-- WHAT YOU HAVE TO DO --
Write the lines below out exactly, dropping each picture.

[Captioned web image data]

◇ ◇ ◇ ◇

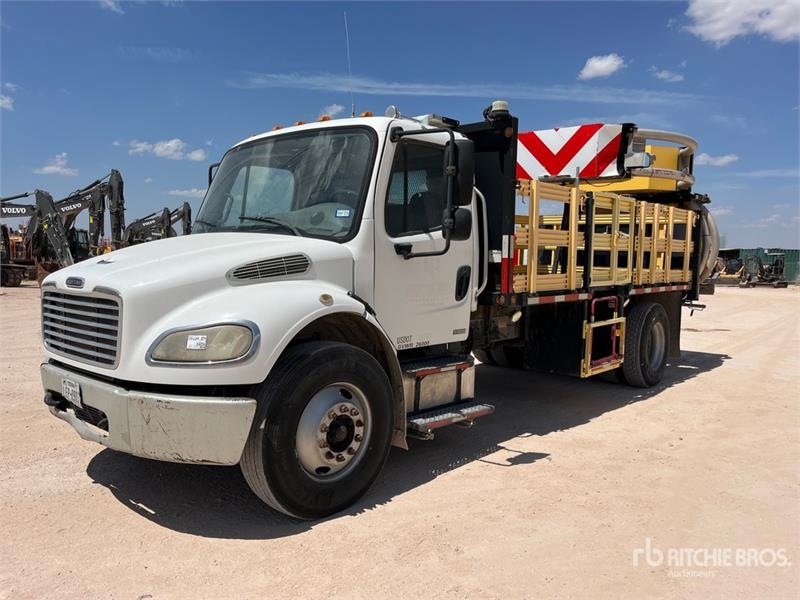 Freightliner M2 106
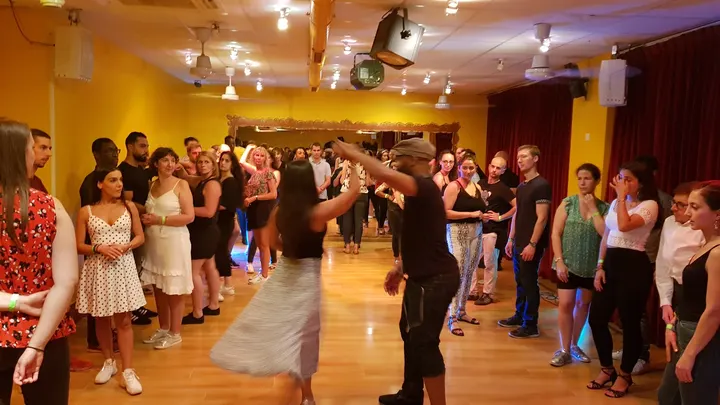 ECOLE DES DANSES LATINES ET TROPICALES — danse-studio à Paris — 5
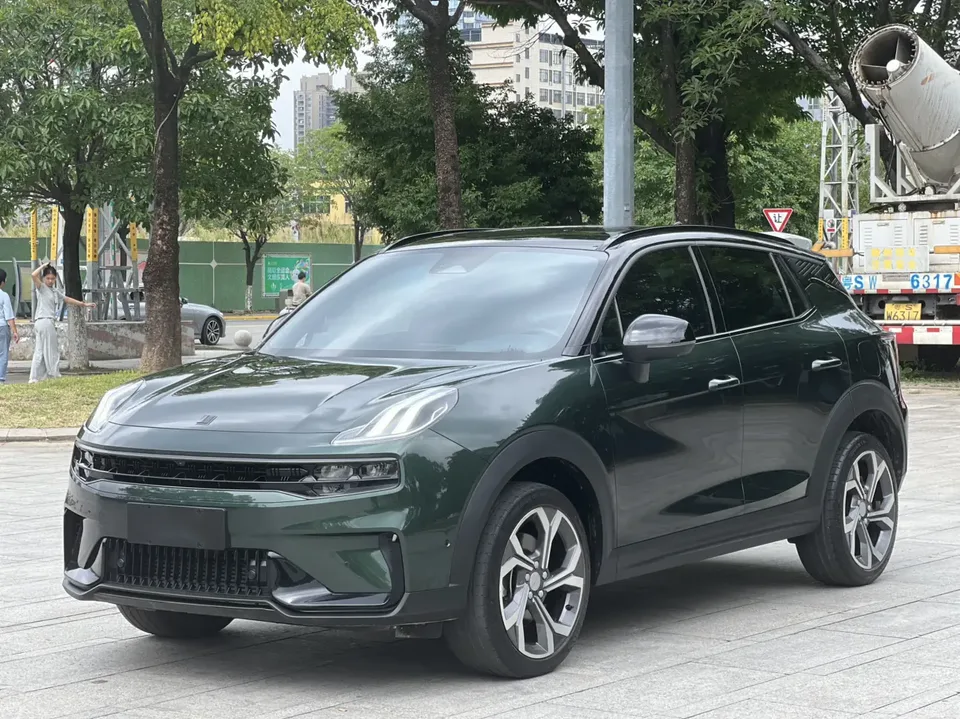 Lynk & Co 06 2022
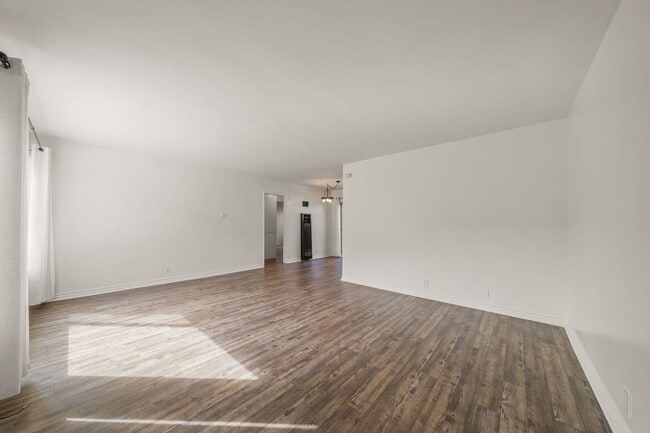 Building Photo - 2 Bed 1 Bath Updated Gated Condo Near Beac...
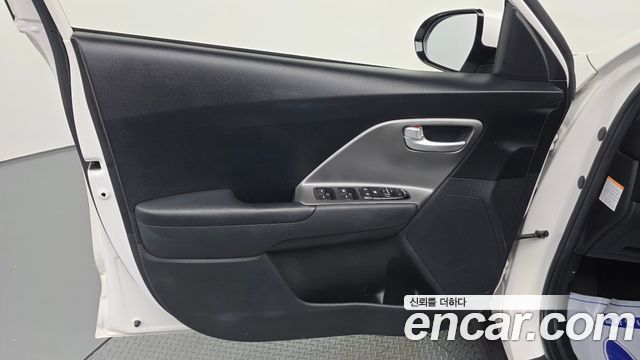 Kia Niro 2023 — photo 14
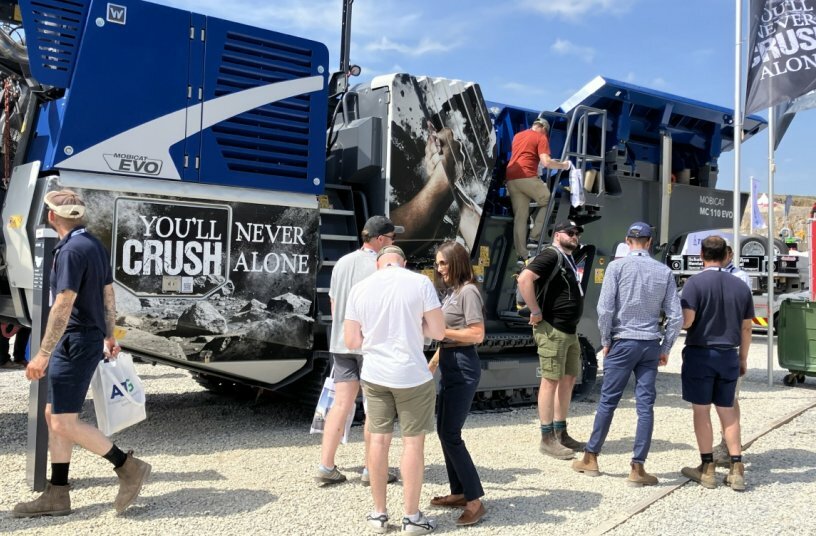 Der MOBICAT MC 110 EVO2 von Kleemann eignet sich zur Vorzerkleinerung nahezu aller Naturgesteine sowie für zahlreiche Recyclinganwendungen.<br>BILDQUELLE: WIRTGEN GROUP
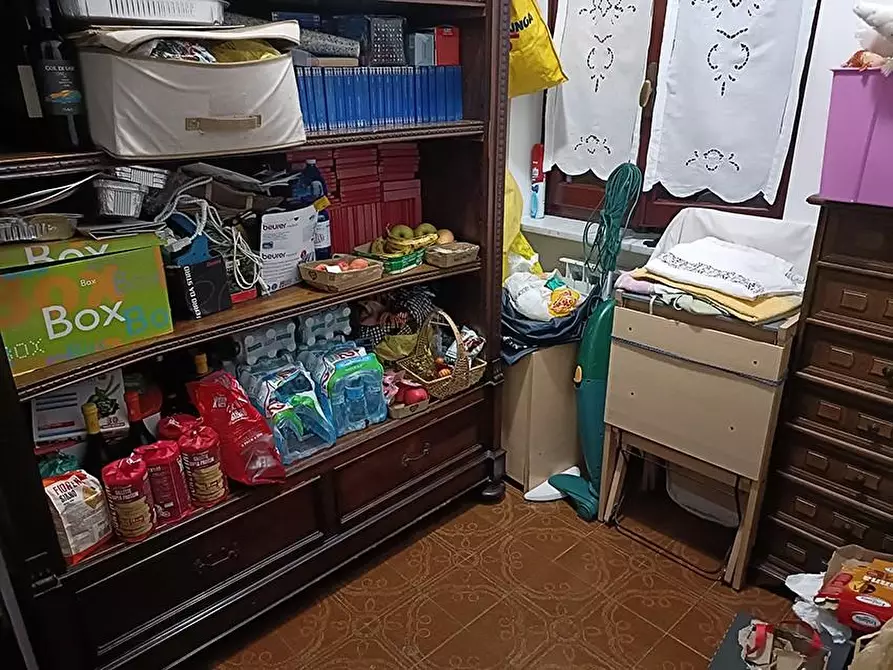 Immagine 35 di Porzione di casa in vendita  a Carrara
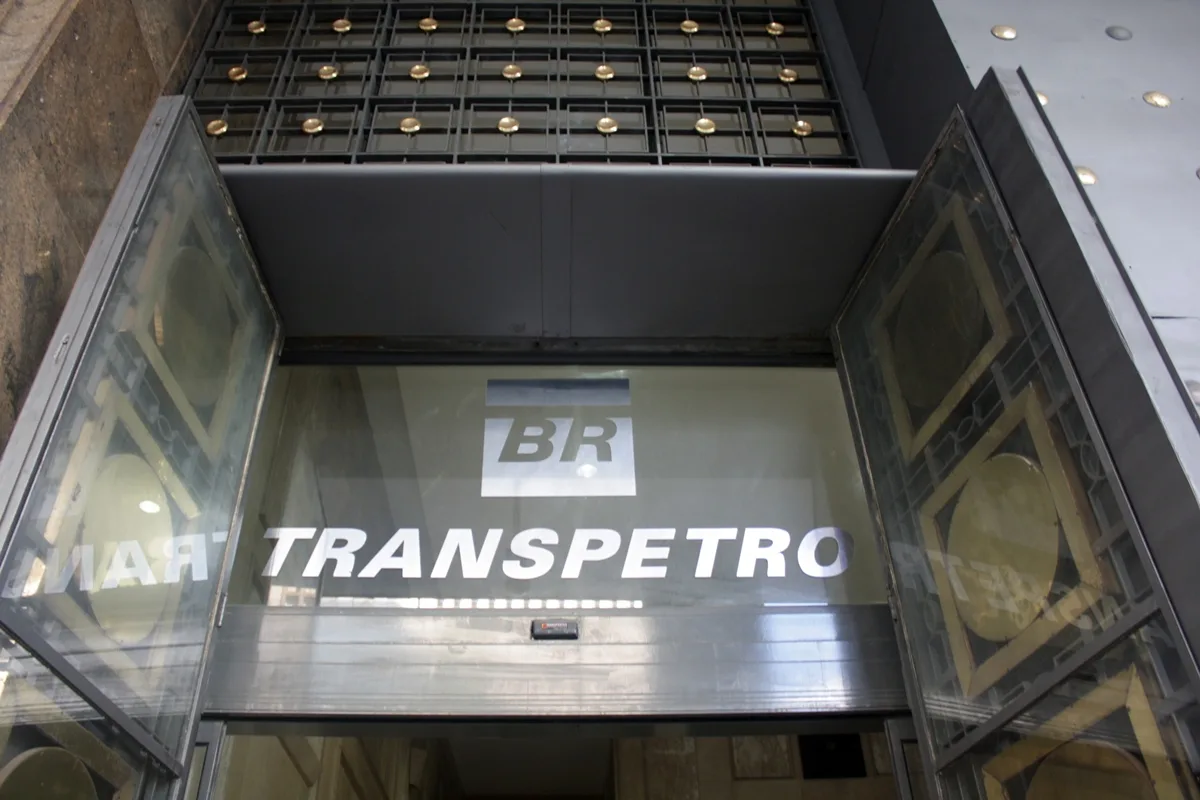 Transpetro publica edital de concurso com 4 mil vagas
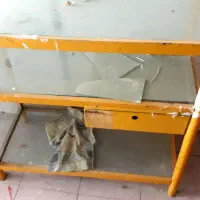 میز ویترین شیشه ای و میز چوبی آهنی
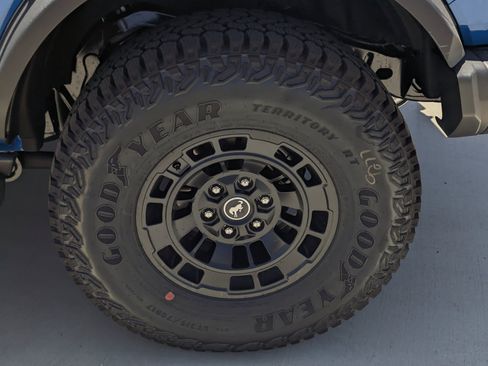 New 2026 Ford Bronco Badlands w/ Sasquatch Package AWD/4WD image 7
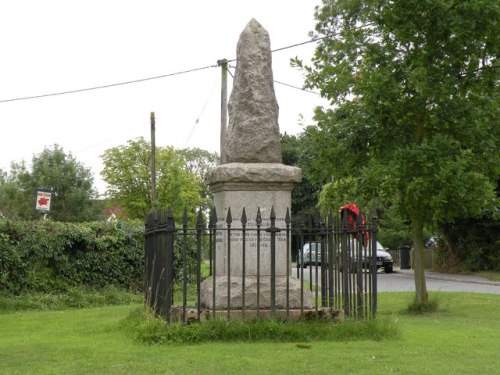 Oorlogsmonument Chrishall #1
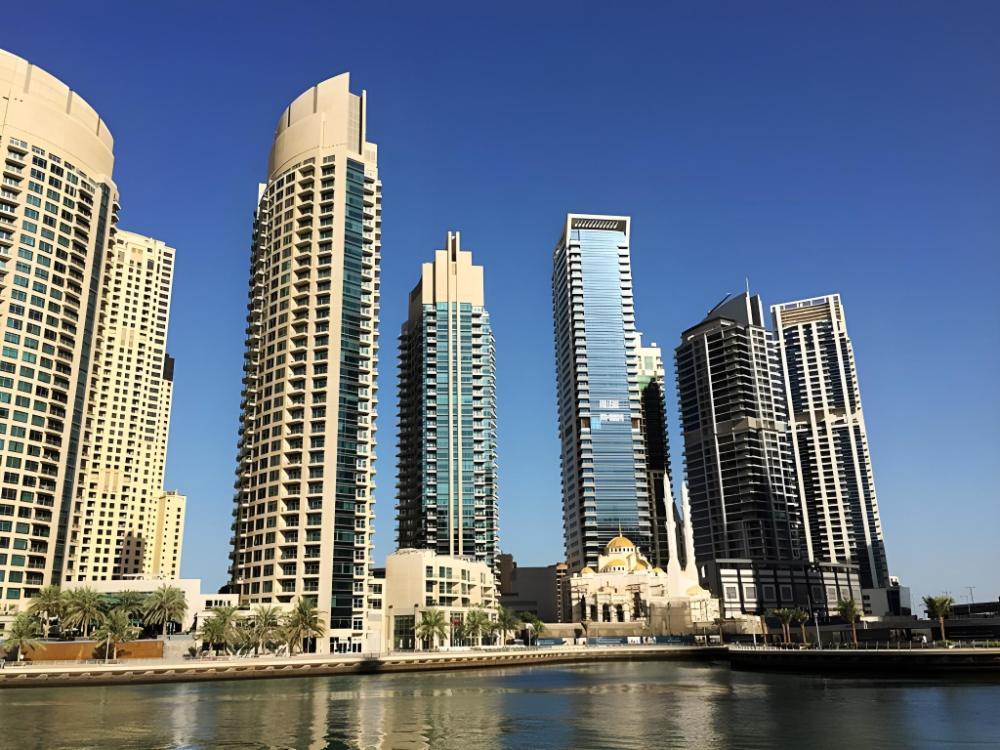 marina hotel apartments
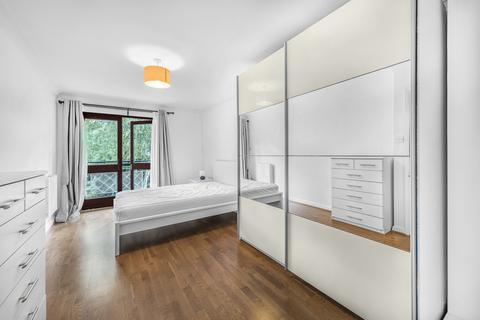 2 bedroom flat to rent, Goodhart Place, London, E14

◇ ◇ ◇ ◇

-- RESPONSE BELOW --
 Freightliner M2 106
 ECOLE DES DANSES LATINES ET TROPICALES — danse-studio à Paris — 5
 Lynk & Co 06 2022
 Building Photo - 2 Bed 1 Bath Updated Gated Condo Near Beac...
 Kia Niro 2023 — photo 14
 Der MOBICAT MC 110 EVO2 von Kleemann eignet sich zur Vorzerkleinerung nahezu aller Naturgesteine sowie für zahlreiche Recyclinganwendungen.<br>BILDQUELLE: WIRTGEN GROUP
 Immagine 35 di Porzione di casa in vendita  a Carrara
 Transpetro publica edital de concurso com 4 mil vagas
 میز ویترین شیشه ای و میز چوبی آهنی
 New 2026 Ford Bronco Badlands w/ Sasquatch Package AWD/4WD image 7
 Oorlogsmonument Chrishall #1
 marina hotel apartments
 2 bedroom flat to rent, Goodhart Place, London, E14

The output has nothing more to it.